[SUPPORT] hoodie.cleaner.commits.retained Setting Overridden, Warning to Increase to 20
soumilshah1995 opened this issue · comments
Issue Description:
I'm encountering an issue with Hudi configurations related to commit retention and cleaning. Despite explicitly setting hoodie.cleaner.commits.retained to 5, I'm receiving a warning suggesting it should be set to 20. It seems like the system is not acknowledging my provided value and is using some default instead.
hudi_options = {
"hoodie.keep.min.commits": "5",
"hoodie.cleaner.commits.retained": "5",
"hoodie.keep.max.commits": "6"
}
Warning Message:
24/06/11 08:56:29 WARN HoodieWriteConfig: Increase hoodie.keep.min.commits=7 to be greater than hoodie.cleaner.commits.retained=20 (there is risk of incremental pull missing data from few instants based on the current configuration).
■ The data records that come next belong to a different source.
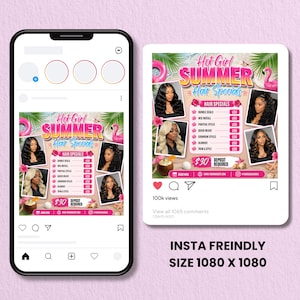 summer booking flyer Canva, braids flyer template editable, knotless braids booking flyer, beauty salon flyer Canva, summer sale beauty flyer, editable hair flyer template, beauty business marketing Canva, hairstylist promo flyer, social media beauty flyer, instant download Canva template, braids booking flyer digital download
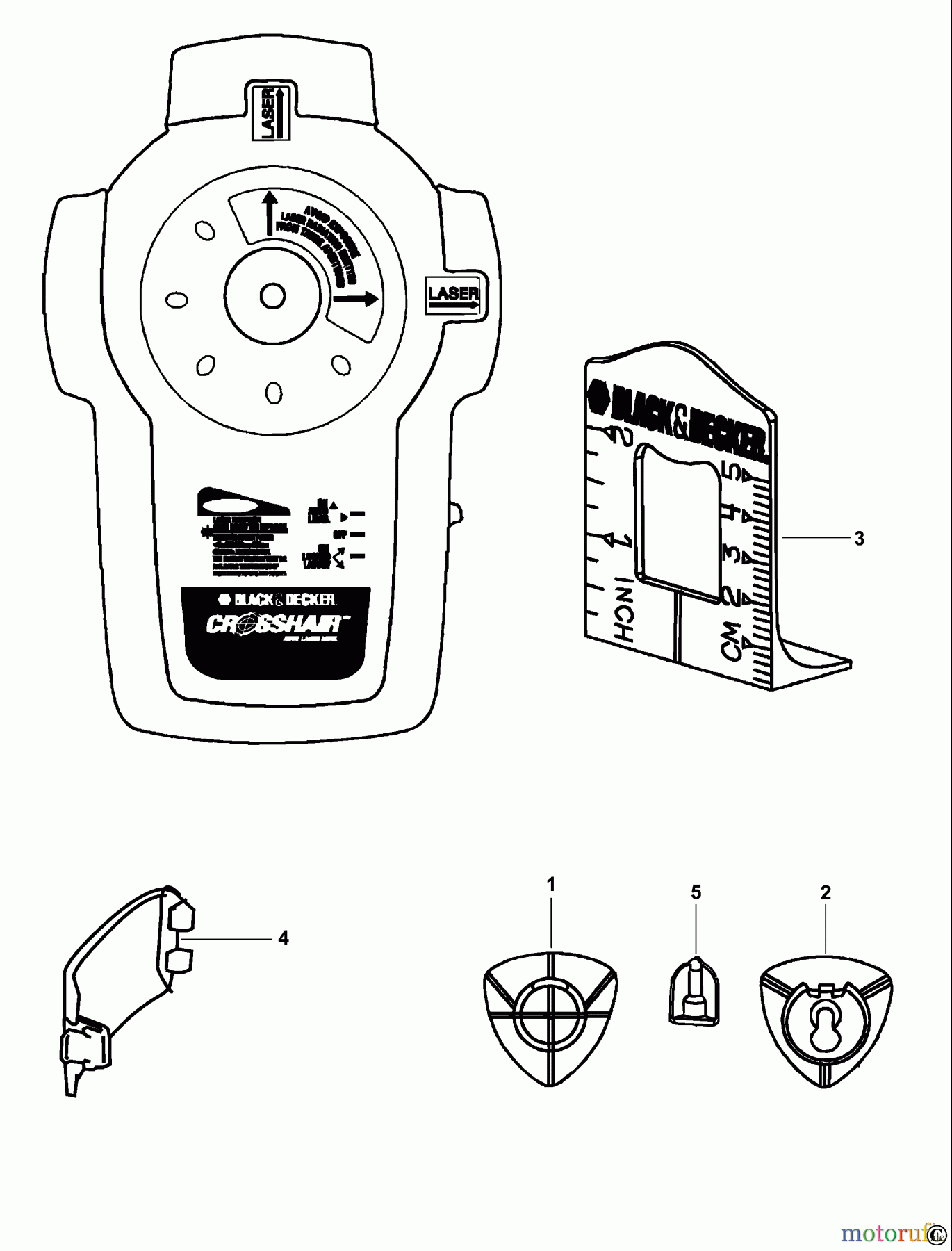  BLACK+DECKER A L'INTÉRIEUR LASERS LASER BDL400S Seite 1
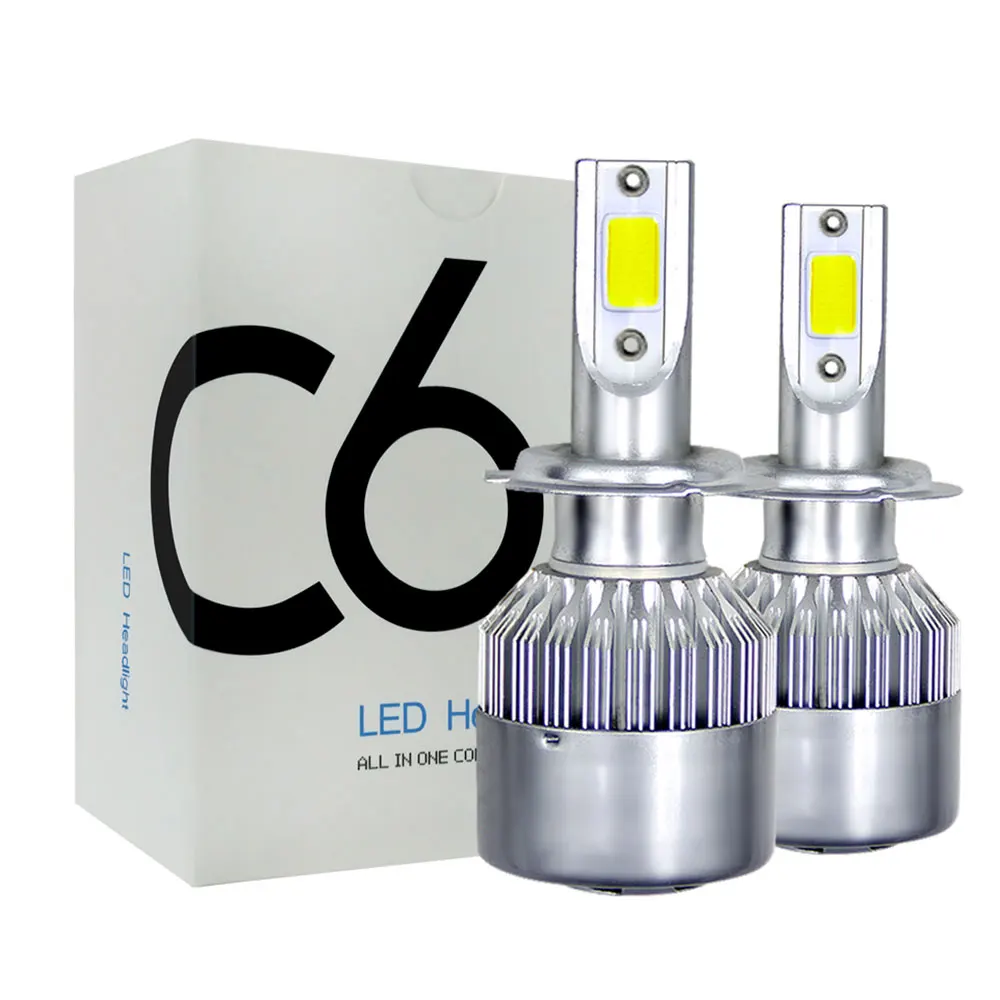 

2PCS LED Car Headlight 6000k IP67 12V COB Chip 72W 7600LM LED Bulb Lamp Fog Light H1 H4 H7 HB2 9003 H8 H9 H11 H13 Car Headlight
The Hudi archiver will automatically adjust the configuration regardless.
Steps to Reproduce:
Use the above Hudi configuration.
Run the ingestion process using the provided code sample.
Expected Behavior:
The system should respect the explicitly set hoodie.cleaner.commits.retained value of 5 without suggesting an increase to 20.
Actual Behavior:
The system issues a warning to increase hoodie.keep.min.commits to be greater than hoodie.cleaner.commits.retained set to 20, despite hoodie.cleaner.commits.retained being explicitly set to 5.
Environment:
Hudi Version: 0.14.0
Spark Version: 3.4
OS: macOS
Code Sample:
import os
import sys
from pyspark.sql import SparkSession
HUDI_VERSION = '0.14.0'
SPARK_VERSION = '3.4'
os.environ["JAVA_HOME"] = "/opt/homebrew/opt/openjdk@11"
SUBMIT_ARGS = f"--packages org.apache.hudi:hudi-spark{SPARK_VERSION}-bundle_2.12:{HUDI_VERSION} pyspark-shell"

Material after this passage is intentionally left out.